▶ [TASK OBJECTIVE]: The entries below should be output exactly as written.

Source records
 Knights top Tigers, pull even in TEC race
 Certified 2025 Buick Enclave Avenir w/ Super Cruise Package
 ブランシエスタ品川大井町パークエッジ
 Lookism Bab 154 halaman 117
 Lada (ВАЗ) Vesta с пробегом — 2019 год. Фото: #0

▶ [WRITTEN REPLY]:
 Knights top Tigers, pull even in TEC race
 Certified 2025 Buick Enclave Avenir w/ Super Cruise Package
 ブランシエスタ品川大井町パークエッジ
 Lookism Bab 154 halaman 117
 Lada (ВАЗ) Vesta с пробегом — 2019 год. Фото: #0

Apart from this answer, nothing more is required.